*** MATERIAL PROVIDED
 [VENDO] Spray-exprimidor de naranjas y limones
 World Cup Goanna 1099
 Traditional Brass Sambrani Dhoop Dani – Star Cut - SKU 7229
******
▶ _EXERCISE OBJECTIVE_
Every line above should be reproduced precisely.

▶ _SOLUTION FOR THIS EXERCISE_
 [VENDO] Spray-exprimidor de naranjas y limones
 World Cup Goanna 1099
 Traditional Brass Sambrani Dhoop Dani – Star Cut - SKU 7229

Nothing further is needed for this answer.